Tutti i bus in orario, città molto organizzate (a misura di pedone e a prova di turista – anche del più imbranato come me, che ho il senso dell’orientamento di un lombrico ubriaco) e strade linde. Mi stupiscono gli impiegati sprint della nettezza urbana che, dopo l’una di notte, scorrazzano per la città con i loro camioncini, si fiondano (letteralmente!) sui bidoni dell’immondizia, li ripuliscono procedendo a una velocità impressionante, mentre i loro colleghi inondano le strade di acqua insaponata e le spazzano. Altro che pigrizia! 4 a 0 per la Spagna – e non solo nei Mondiali di calcio.
Il mio viaggio alla scoperta dell’Andalusia inizia qui a Siviglia e mi porterà a Malaga passando per Cordoba per giungere (finalmente!) all’Alhambra di Granada. 

Per me Siviglia è un sogno. È la città che ha ispirato grandi (e meno grandi, ma pur sempre importanti) compositori, che l’hanno scelta come teatro delle loro opere. È la città delle Nozze di Figaro di Mozart, del Barbiere di Siviglia di Rossini e della Carmen di Bizet, criticato in maniera così sottilmente ironica da Nietzsche in Der Fall Wagner, ma a cui voglio bene, trattandosi della prima opera che io abbia mai visto dal vivo ­ e addirittura alla Scala di Milano!

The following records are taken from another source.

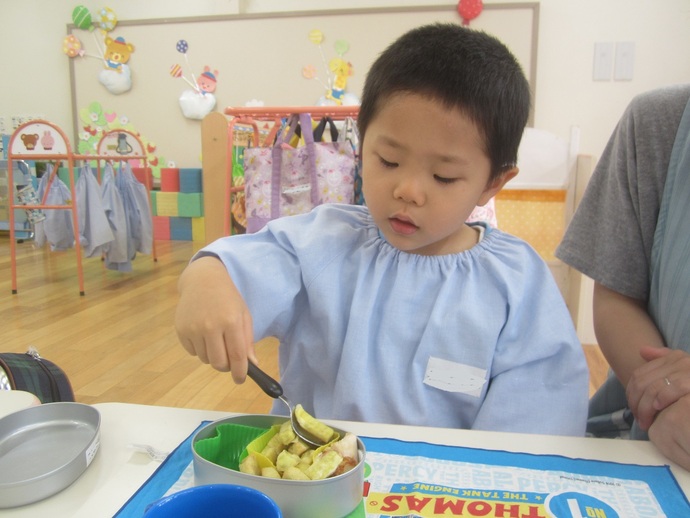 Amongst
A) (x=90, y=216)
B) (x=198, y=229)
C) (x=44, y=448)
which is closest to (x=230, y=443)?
(x=44, y=448)

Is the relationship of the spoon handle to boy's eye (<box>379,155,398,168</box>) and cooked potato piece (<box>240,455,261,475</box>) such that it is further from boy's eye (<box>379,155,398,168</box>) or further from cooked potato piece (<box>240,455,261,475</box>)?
boy's eye (<box>379,155,398,168</box>)

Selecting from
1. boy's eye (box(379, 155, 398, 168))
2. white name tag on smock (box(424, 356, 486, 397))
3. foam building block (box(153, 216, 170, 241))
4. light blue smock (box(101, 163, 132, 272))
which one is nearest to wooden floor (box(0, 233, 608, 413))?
light blue smock (box(101, 163, 132, 272))

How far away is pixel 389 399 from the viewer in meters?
0.72

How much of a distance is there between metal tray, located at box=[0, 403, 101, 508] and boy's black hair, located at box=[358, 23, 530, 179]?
1.56ft

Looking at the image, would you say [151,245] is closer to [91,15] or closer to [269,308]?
[91,15]

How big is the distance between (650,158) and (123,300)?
110 inches

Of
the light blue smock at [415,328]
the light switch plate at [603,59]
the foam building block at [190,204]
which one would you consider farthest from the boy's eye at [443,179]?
the foam building block at [190,204]

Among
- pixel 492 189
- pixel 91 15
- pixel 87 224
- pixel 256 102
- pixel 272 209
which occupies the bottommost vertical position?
pixel 87 224

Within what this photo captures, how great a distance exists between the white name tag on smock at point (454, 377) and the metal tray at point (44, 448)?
1.28 feet

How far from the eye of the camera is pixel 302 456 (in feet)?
1.52

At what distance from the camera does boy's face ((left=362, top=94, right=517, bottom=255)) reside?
0.64m

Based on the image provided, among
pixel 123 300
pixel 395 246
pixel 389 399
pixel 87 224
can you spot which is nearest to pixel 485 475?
pixel 389 399

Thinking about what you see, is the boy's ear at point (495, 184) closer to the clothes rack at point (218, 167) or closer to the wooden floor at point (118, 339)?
the wooden floor at point (118, 339)

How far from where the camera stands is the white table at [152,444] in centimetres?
45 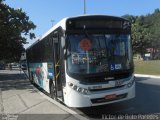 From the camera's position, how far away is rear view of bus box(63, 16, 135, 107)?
10.9m

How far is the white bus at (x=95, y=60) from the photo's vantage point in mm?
10914

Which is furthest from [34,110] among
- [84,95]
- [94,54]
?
[94,54]

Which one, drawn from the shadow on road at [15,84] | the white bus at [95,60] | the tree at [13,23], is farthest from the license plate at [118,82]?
the tree at [13,23]

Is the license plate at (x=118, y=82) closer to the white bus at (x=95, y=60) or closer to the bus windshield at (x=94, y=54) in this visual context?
the white bus at (x=95, y=60)

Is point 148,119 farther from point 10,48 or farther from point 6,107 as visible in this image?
point 10,48

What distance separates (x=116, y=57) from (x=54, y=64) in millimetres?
2872

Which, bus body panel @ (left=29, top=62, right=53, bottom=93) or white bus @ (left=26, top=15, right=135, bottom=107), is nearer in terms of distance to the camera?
white bus @ (left=26, top=15, right=135, bottom=107)

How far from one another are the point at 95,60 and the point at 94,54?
19 centimetres

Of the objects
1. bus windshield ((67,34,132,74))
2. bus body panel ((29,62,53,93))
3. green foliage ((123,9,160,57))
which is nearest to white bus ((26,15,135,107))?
bus windshield ((67,34,132,74))

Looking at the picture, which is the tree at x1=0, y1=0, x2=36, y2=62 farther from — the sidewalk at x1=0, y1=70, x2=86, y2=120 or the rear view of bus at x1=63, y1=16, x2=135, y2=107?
the rear view of bus at x1=63, y1=16, x2=135, y2=107

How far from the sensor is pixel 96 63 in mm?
11148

In questa città quasi a ogni passo mi imbatto in uno dei posti dell’opera. 
Mi entusiasmo quando scopro che a due passi dal posto che per pochi giorni chiamerò “casa” c’è il balcone di Rosina del Barbiere

Il balcone sotto cui Lindoro (pseudonimo usato dal Conte di Almaviva) le aveva cantato una serenata, aveva pregato Figaro di aiutarlo ad escogitare degli stratagemmi per potersi intrufolare in casa del dottor Bartolo e rivelare a Rosina i suoi sentimenti, nella speranza di essere ricambiato e andare via con lei come marito e moglie. 
Torno lì una sera, prima di ritirarmi nella mia stanzetta, mi siedo sugli scalini di pietra ancora caldi del sole del giorno, nonostante sia già buio, metto gli auricolari del mio lettore mp3 e mentre ascolto l'aria di Lindoro Se il mio nome saper voi bramate inizio a fantasticare. 


Il giorno seguente decido di andare alla ricerca del vero barbiere di Siviglia – o per meglio dire di un barbiere vero a Siviglia ­ e lo stano in un salone di Calle Sierpes. Con un po’ di imbarazzo gli chiedo, nel mio spagnolo traballante, di lasciarsi fotografare e gli spiego perché. Lui è divertito e mi lascia fare. Scambiamo ancora qualche parola e lo prego di non svelarmi il suo vero nome: per me resterà così Figaro, il barbiere di Siviglia. 
 

Nella Juderia trovo il posto in cui Carmen scappa inseguita dai soldati e poco più avanti la strada nella quale si trovava la taverna in cui incontra Don José ed Escamillo.  
Mi imbatto in luoghi dell’opera persino quando sto cercando qualcos’altro. Quando, nonostante le tante indicazioni stradali, mi perdo per le strade della città finendo dalla parte opposta del posto che volevo raggiungere (l’ho detto: lombrico ubriaco), vedo un palazzo imponente e bellissimo e mi chiedo che cosa possa essere. Ipotizzo che si tratti non meno di un palazzo reale.  





Mi avvicino, allora, sperando che un qualche cartello informativo mi sveli l’arcano. L’organizzata Spagna anche stavolta non mi delude e di nuovo mi stupisce: è un’ex fabbrica di tabacco – quella stessa fabbrica in cui è ambientata la Carmen – oggi sede della facoltà di Lettere e Filosofia dell'università di Siviglia.

Insomma, pur non essendo andata all’Opera, qui l’Opera la vivo davvero.  

L’avventura però è appena cominciata: da domani mi metterò sulle tracce dei filosofi arabi e dei sultani delle mille e una notte, alla scoperta dei luoghi che hanno visto convivere – in pace e in guerra – tre culture e religioni. Dall’Alcázar di Siviglia all’Alhambra di Granada.